▸ BRIEF
Leave the images aside and repeat the whole listing exactly.

▸ INPUT DATA
▼
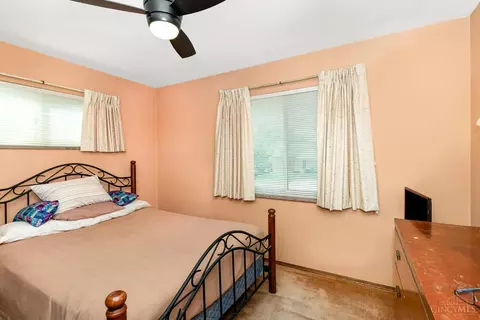 Bedroom - 1475 Larann Ln, Cincinnati, OH 45231 photo 1 of 3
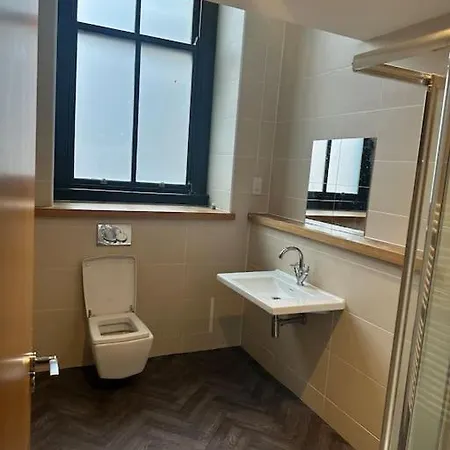 Luxury 1 Bed Bradford (West Yorkshire)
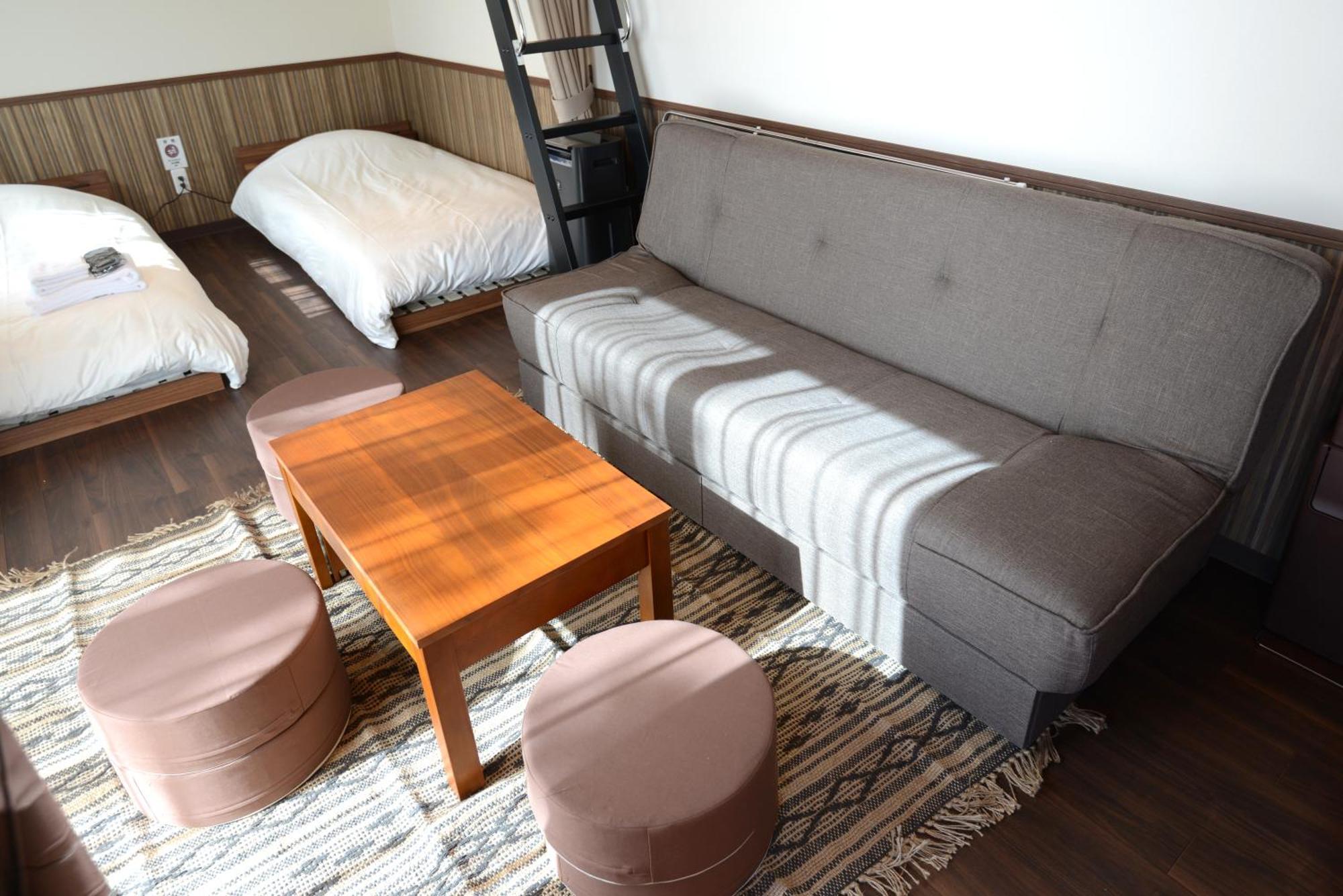 Mt Fuji Glamping Tourist Villa Kawaguchiko Фудзі-Каваґутіко Екстер'єр фото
▲
▸ PROBLEM SOLUTION
 Bedroom - 1475 Larann Ln, Cincinnati, OH 45231 photo 1 of 3
 Luxury 1 Bed Bradford (West Yorkshire)
 Mt Fuji Glamping Tourist Villa Kawaguchiko Фудзі-Каваґутіко Екстер'єр фото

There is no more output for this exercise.